As someone who meticulously prepares travel times – making sure to allow extra time for the very possible and unforeseen delays of the Melbourne public transport system, seriously miscalculating how long it takes to catch a tram from one place to another – having to rush from work to Melbourne Town Hall for the Wheeler Centre‘s inaugural public event “A Gala Night of Storytelling” was weighing heavily on my nerves. Luckily, I not only was let off from work fifteen minutes early but the public transport gods conspired to make my tram ride a speedy sojourn, with the added bonus of having only one drunken tourist starting a slurring imitation of conversation with me, and I arrived at the corner of Swanston and Collins with ten minutes to spare.

The ten minutes giving me ample time to continue walking up Collins to join the end of the swarming queue of literati, the bespectacled, the well-read, and, let’s be perfectly honest here, the really really ridiculously good looking. The line thankfully moved quickly, abuzz with anticipation, and shuffled eagerly into the hallowed halls.

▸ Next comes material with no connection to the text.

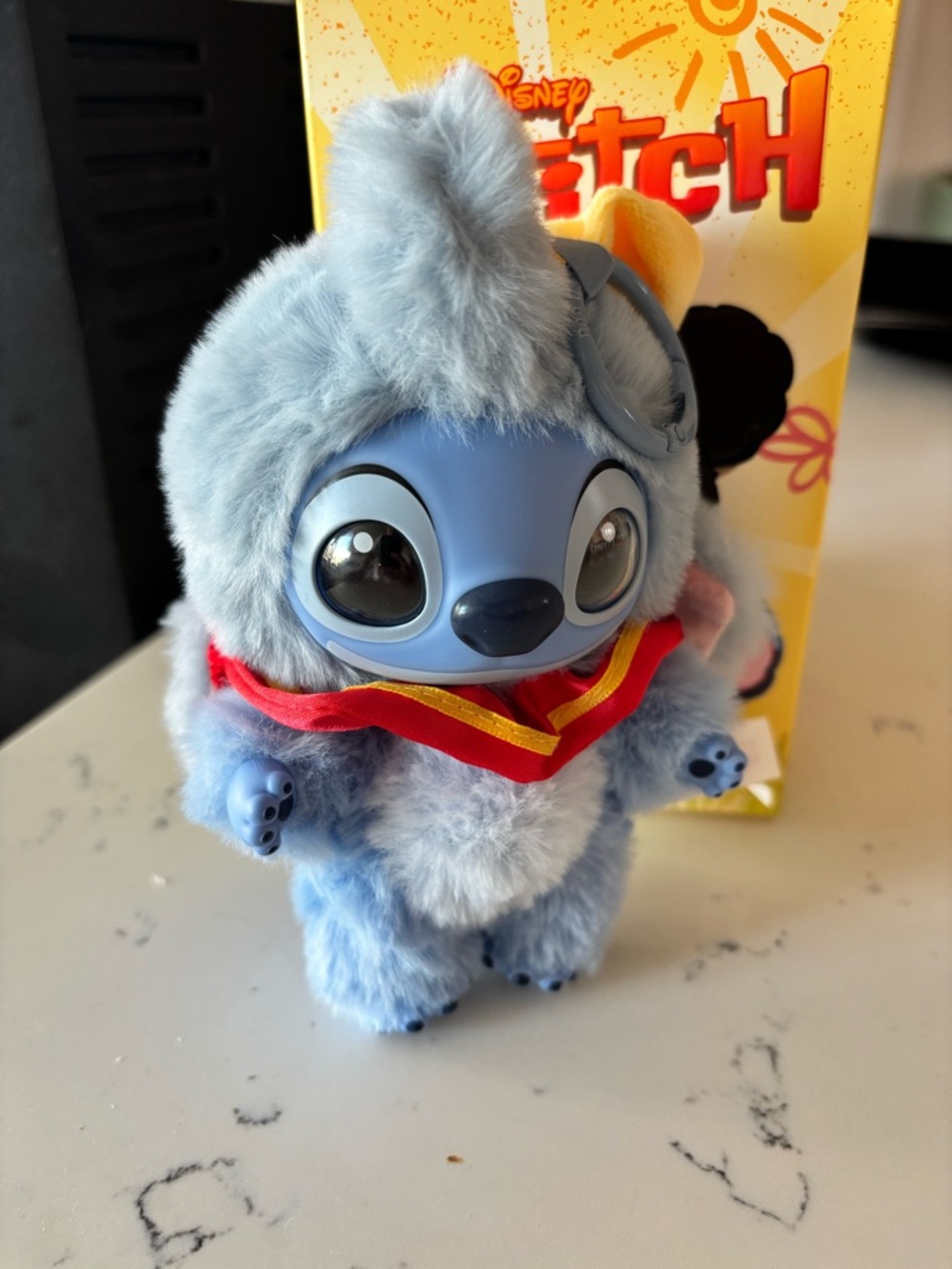 Pop Mart blind box Stitch Dumbo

Welcoming comments and introductions from the Wheeler Centre director, government Arts ministers and indigenous leaders were succinct, encouraging, and inspiring.

Then, the main acts, a veritable who’s who of Australian literature and culture: Chloe Hooper, Paul Kelly, Cate Kennedy, Judith Lucy, Shane Maloney, David Malouf, John Marsden, Alex Miller, John Safran, Christos Tsiolkas, Tara June Winch, Alexis Wright; each of them offering a short story from their own lives, based largely on their families and the wisdom passed down generations. The tone varied from the gut-bustingly hilarious and flattering (to paraphrase Shane Maloney, “if the roof caved in now, the average Australian I.Q. score would instantly drop by twenty points.”) to the poignant and poetic; the best combining both. I don’t think a single person was unaffected by Paul Kelly’s amazing rendition of “South of Germany”, made all the more moving after hearing the family legend that inspired it.

Despite the massive crowd, the stories mostly felt intimately personal, as though being told over a coffee or two. The variety of voices made me appreciate the distinct sounds and nuances of the Australian accent, and the range of experiences and stories we all have to offer each other. Inspired to seek out the written stories from the voices I’d sat and listened to all evening, as I made my way home through a rougher suburb of Melbourne – its reputation much, much worse than its actual bite – I listened closely to the voices around me and the stories they told, a reminder that there is just as much quality storytelling available in our daily lives, through families and friends, or drunks on the bus, as in the pages of books.

The Wheeler Centre’s launch event was a roaring success, and it was more than worth the five dollar student concession ticket price just to hear famed Australian young adult author John Marsden drop the magical phrase “mad cunt.”